Name:  Michael Colpitts

Firm:  Murdock & Boyd Architects

Location:  Saint John

Length of time in the profession:  12 years

What inspires your work?  

It is the people and communities that will live / work / play in the buildings that I design that inspire me.  Whether it is an elementary student learning in a well-lit, comfortable, and secure educational space; the fitness enthusiast working out in an energy filled cardio space; or a college student learning in a facility that is a built example of the trade they are learning, it is the people interacting with a space that motivates me.

What piece of architecture in New Brunswick piques your interest?

We are lucky to have many amazing historical structures across the province.  These buildings pique my interest the most, especially churches and cathedrals.  The details are often very purposeful but beautiful and the spaces are often awe inspiring.

What makes New Brunswick a great place for architects to work?

Architects in New Brunswick are very lucky to have inspiration all around us, be it amazing landscapes of the province or our built heritage.  New Brunswick is also a great place to practice Architecture because we have opportunity to explore and be part of so many different types of projects.  In other centres, those opportunities may not exist.

How would you describe your architectural style?

I’d say that my “style” of Architecture is contemporary, but with attempts to connect a building with its community and neighbourhood place.   Not by matching the style of a building to those around, but by encouraging connection between buildings and the place where they are built, and the people they are built for.

What is one location/building you would encourage someone to visit in New Brunswick?

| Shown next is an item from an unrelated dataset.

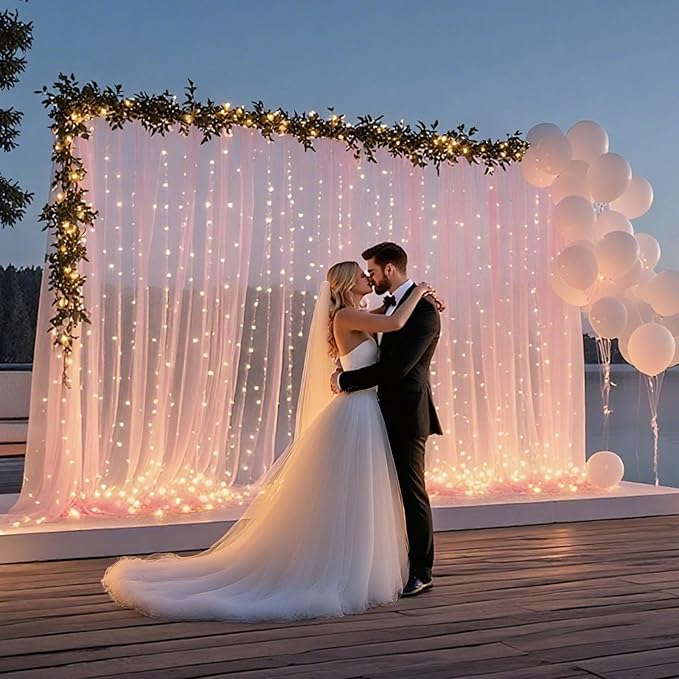 10×10ft Tulle Backdrop Curtains with Lights String - 300LED Fairy Lights Sheer Curtain Backdrop for Weddings Baby Shower and Birthday Party Decorations(2 Panels 5×10ft)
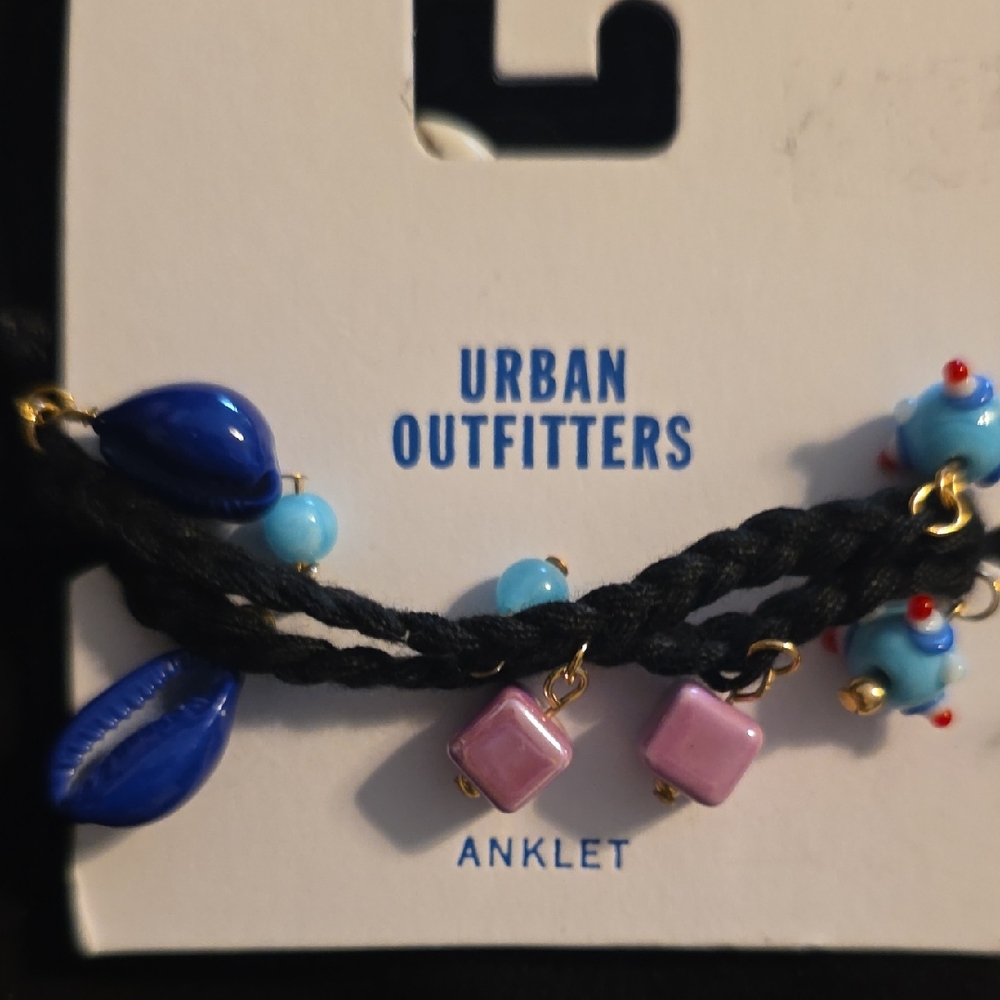 Urban Outfitters Black Braided Anklet with Blue and Pink Beads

Why?

Interaction School of Performing Arts, which is housed in the former Germain Street United Baptist Church building in Uptown Saint John. It’s fascinating, as it is one building split down the middle with one (c. 1880 Gothic Revival) Architectural style on one side, but another (c.1968 Mid-Century Modern) Architectural style on the other. Both sides contain an incredible variety of spaces, from intimate rooms to inspiring gathering spaces, and it is a fantastic example of a successful adaptive reuse project.